Well considering the fact that the beginning of 2010 blew chunks the last part of this year really rocked. A year ago Andy lost his job and it was one of the darkest times in our adult lives. I hadn’t wanted to move to Portland. The job that moved us here turned out to be a total clusterfuck. I was full of anger and resentment and uncertainty about our ability to continue on with the adoption. I read back on that blog post and I was so amazingly sad. There was no doubt that we would get through it- but at the time we really didn’t know what to do.
That was a complete year ago. It’s amazing how much life gets lived in a whole year. They say time heals- it really does. So 2010 started out sucking ass but ended really lovely and quietly. Ironically, 2010 may have been one of our best years so far. Mom always says life is peaks and valleys- so i want to talk about some of those peaks.
The Adoption- is amazingly on track. Yes we are still WAITING for that referral (currently number eight) but thankfully things are moving along in Ethiopia and our kid is coming soon. I keep thinking ‘what is another month or so of waiting when we have the rest of our lives to celebrate with our kid.’ Also waiting never seems a long when you are looking back on it. It’s only hard when you are in it. I am feeling good and feel like it coming.
The People- We have found an amazing and wonderful community here. Portland is slowly becoming a place that I feel very connected to and I really need to thank the people in my life for helping me with this. What would we ever do without our new friends? Who could I talk about the adoption and my fears at becoming a good mom without Laura and Chuck? Who can call on a moments notice and go fabric shopping without Gillian? Who would show us Portland and make us belly laugh without Ari and Anne?Who will feed me beer and PJ Tips on a major holiday day without The Rooneys? I want to thank all of these wonderful people for helping to make Portland seem more like home.
The Waiting Moms- I can’t say enough about the friendship and camaraderie of this group of amazing women. This process is hard and having the love and support of these awesome women really makes it a whole lot easier. I am so grateful for this group of people. Eternally grateful. I can’t wait for our kids to play and grow up together.

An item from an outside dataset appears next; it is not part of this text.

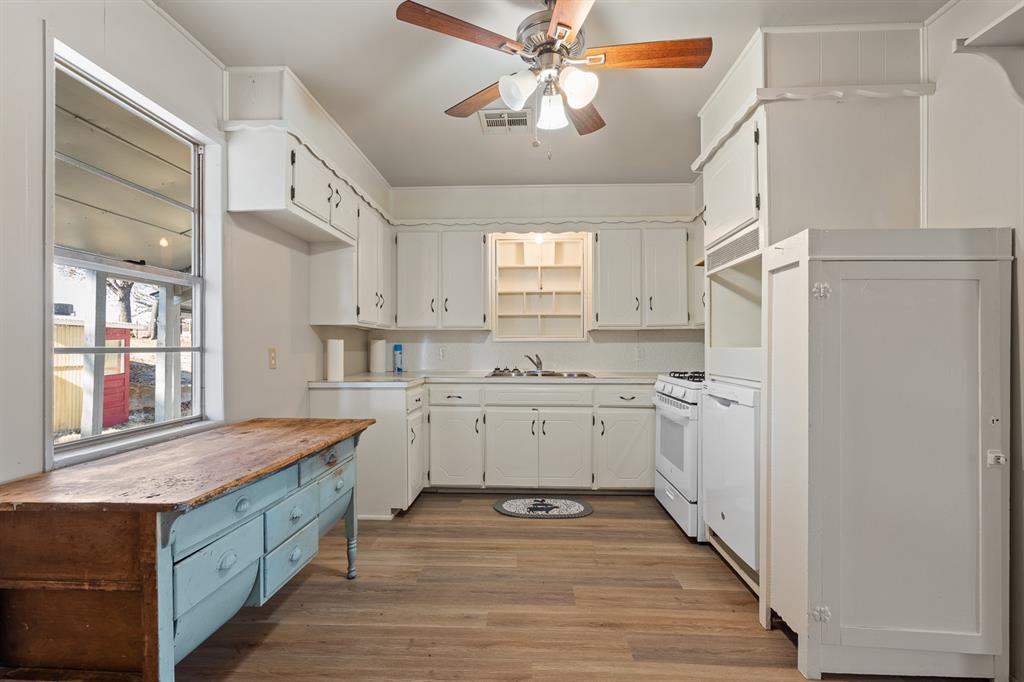 24453 N County Road 3330 Road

The Kids- We have gone to the airport and have welcomed home Haptamu, Zeditu, Miles, Teriku and Porter J. We have seen these bewildered and exhausted kids exit the airplane and have had the honor to witness the love of them meeting their extend families for the first time. Powerful stuff. We have seen them go from referral photos to whole, funny and very real kids. I can’t wait to meet our friends kids still in Ethiopia and witness this miracle time and time again. I can’t wait to meet and get to know E, L, S, and B. I hope you come home soon kiddos- your parents really miss you!
Andy Beach– after 10 years of marriage my husband makes me laugh hard everyday. He is the person I love and trust the most. This year has brought him tremendous professional success. There is nothing I love more than watching Andy play with kids. I can’t wait to see him with our own.

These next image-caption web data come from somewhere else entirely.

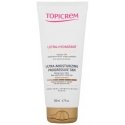 Topicrem Ultra-Moisturizing Progrerssive Tan Self Tanning Product moterims, 200 ml Topicrem Ultra-Moisturizing Progrerssive Tan Self Tanning Product moterims, 200 ml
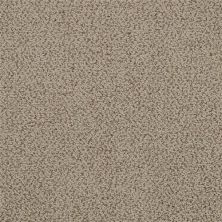 Fabrica Breakers Tempest 522BK-BK03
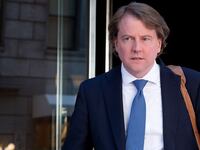 171218-Senators-don-McGahn-hero_at9fu1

My Mom- It has been a hard year. After 64 years of living in Michigan my mom joined us in Portland. She is a very brave and funny woman. I I am so glad and grateful she is here to be on this journey with us. I hope that I am at least a half as good as a mom as she is.
Our Furry Babies- Sweet Georgia Brown turned 15 this year. She is full of spunk and vigor. I love her so much! Bella Monkeywitz continues to be my shadow and personal foot warmer. Both of these hairy beasts make me laugh and feel even move loved everyday.
Usually optimism isn’t my strong suit. Andy says my glass is half full- but its full of poison. I don’t want to put a Kenahora on 2011 but I am feeling optimistic. My hopes for the year are that my relationships -old and new- continue to grow and deepen. That we get to bring home our son or daughter. That we continue in good health and as always, good humor.